Milli Eğitim Bakanı Yusuf Tekin, ''Madde bağımlılığı ve dijital bağımlılıklar dâhil, hepsinin normal koşullarda proje kapsamında bir afet olarak tanımlanması gerekiyor. Öğretmen arkadaşlarımızın bu tür konularda nasıl davranacağını, nasıl tepki vereceğini istişare edip 'karşılaşma ahlakı' oluşturmak gerekiyor.
Oturup düşündüğünüzde bu anlamda dayanıklı olmamız gereken toplumsal sorunların sayısını çokça artırabiliriz. Gazze'de yaşananlar bu anlamda bir sorun. Etrafımızdaki, komşularımızdaki yaşananlar sebebiyle misafir ettiğimiz kardeşlerimiz, aynı şekilde 'Dayanıklı Sınıflar' kapsamında öğretmen arkadaşlarımızın birlikte hareket etmesi gereken konular. Bunların sayısını artırmak mümkün. Hatta daha ileri gidelim, tasarruflu kullanmamız gereken, Allah'ın lütfu olan kaynaklar, bunlarla ilgili yaşadığımız konular... Bunların hepsi bu proje kapsamında.
Öğretmen arkadaşlarımız, çalışma arkadaşlarımız bu konuda mütevazı da olsa bir 'iyilik hareketi' başlatır, biz de bunu yaygınlaştırabilirsek bizim açımızdan mutluluk verici olacak. Bir iyilik hareketi başlatmak istiyoruz, bir çığır açmak istiyoruz.

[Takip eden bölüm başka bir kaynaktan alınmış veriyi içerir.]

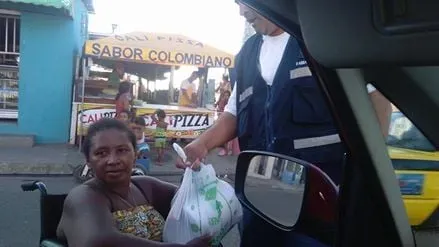 Fundación LIRES ayuda a hermanos en Manabí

Bir başlangıç noktası burası. Umarım devamı büyüyerek, artarak gelir.'' dedi.
6 Şubat 2023'te yaşanan büyük depremin ardından ortaya çıkan "Dayanıklı Sınıflar Hareketi" Projesi; hayat ve ben arasındaki ilişkiyi inceleyerek, dayanıklı olmak ve yeniden yola devam etmek üzere öğretmenlerin ve öğrencilerin iyi oluş durumlarına yardımcı olma hedefiyle tasarlandı.